9. A tendon bracket for receiving a plurality of tendons in a tendon cluster in service to secure a tethered structure, comprising:
a tendon bracket base having a normal load centroid and a plurality of radially disposed lobes substantially within the same plane; a plurality of tendon receiving receptacles arranged in a horizontal plane, each presented on one of the lobes; and a hemispherical flexjoint tendon bracket connection suitable for pivotally securing the tendon bracket to a downwardly disposed surface of the tethered structure.

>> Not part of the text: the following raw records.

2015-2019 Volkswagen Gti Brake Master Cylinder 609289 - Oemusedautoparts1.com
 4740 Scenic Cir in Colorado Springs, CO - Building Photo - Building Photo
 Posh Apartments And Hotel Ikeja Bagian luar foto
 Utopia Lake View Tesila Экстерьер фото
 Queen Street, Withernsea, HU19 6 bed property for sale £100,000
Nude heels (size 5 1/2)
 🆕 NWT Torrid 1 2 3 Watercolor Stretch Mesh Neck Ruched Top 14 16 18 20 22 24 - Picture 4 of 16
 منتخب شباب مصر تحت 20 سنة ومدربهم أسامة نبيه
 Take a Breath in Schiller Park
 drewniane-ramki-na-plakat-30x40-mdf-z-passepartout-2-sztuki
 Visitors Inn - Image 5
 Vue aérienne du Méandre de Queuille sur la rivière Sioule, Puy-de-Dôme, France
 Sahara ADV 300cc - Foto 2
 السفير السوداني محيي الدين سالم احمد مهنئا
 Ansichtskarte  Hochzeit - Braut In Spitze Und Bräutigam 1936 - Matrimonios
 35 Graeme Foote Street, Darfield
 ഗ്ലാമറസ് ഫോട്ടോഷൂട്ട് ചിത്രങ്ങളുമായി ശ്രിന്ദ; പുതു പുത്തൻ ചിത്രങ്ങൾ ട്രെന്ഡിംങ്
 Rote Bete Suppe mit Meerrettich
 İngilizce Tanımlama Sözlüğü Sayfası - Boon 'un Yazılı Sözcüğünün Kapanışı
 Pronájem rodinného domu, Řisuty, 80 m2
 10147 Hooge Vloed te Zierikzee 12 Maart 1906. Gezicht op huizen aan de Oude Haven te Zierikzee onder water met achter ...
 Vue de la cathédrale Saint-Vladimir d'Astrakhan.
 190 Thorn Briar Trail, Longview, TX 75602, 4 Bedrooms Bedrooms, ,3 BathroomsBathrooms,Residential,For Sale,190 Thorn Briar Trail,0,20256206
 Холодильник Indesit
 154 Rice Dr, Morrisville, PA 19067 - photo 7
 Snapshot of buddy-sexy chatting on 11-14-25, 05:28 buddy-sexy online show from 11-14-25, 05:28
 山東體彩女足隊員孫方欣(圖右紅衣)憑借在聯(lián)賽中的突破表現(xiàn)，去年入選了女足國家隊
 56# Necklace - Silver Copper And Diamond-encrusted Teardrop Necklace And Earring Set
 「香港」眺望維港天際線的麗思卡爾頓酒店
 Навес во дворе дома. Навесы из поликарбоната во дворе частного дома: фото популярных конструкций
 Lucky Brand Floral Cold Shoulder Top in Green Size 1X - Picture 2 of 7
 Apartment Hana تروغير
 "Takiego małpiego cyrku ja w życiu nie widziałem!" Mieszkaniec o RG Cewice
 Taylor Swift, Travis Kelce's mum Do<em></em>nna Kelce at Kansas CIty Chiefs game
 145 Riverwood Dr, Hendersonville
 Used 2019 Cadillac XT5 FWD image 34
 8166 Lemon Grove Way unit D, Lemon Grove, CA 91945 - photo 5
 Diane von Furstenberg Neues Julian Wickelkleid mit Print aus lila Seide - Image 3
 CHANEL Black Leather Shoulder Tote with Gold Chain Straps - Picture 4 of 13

13. A tendon bracket for receiving a plurality of tendons in a tendon cluster in service to secure a tethered structure, comprising:
a tendon bracket base having a normal load centroid and a plurality of radially disposed lobes; a plurality of tendon receiving receptacles arranged in a horizontal plane, each presented on one of the lobes; a tendon bracket connection suitable for pivotally securing the tendon bracket to a downwardly disposed surface of the tethered structure; and a plurality of failure stops projecting from the tendon bracket base substantially orthogonally to the plane defined by the tendon receiving receptacles.
1. A tendon cluster for tethering a superstructure of a tension leg platform to an ocean floor, comprising:
a plurality of non-tubular tendons for anchoring to the ocean floor at their lower ends; a substantially planar, substantially horizontally disposed tendon bracket receiving the upper ends of the tendons in tendon terminations; a tendon bracket connection pivotally securing the tendon bracket to a downwardly disposed surface of the superstructure through a semispherical flexjoint at a normal load centroid of the tendon bracket; and a jack mount disposed between the superstructure and the tendon bracket and arranged in radial alignment of the upper tendon connection and the normal load centroid.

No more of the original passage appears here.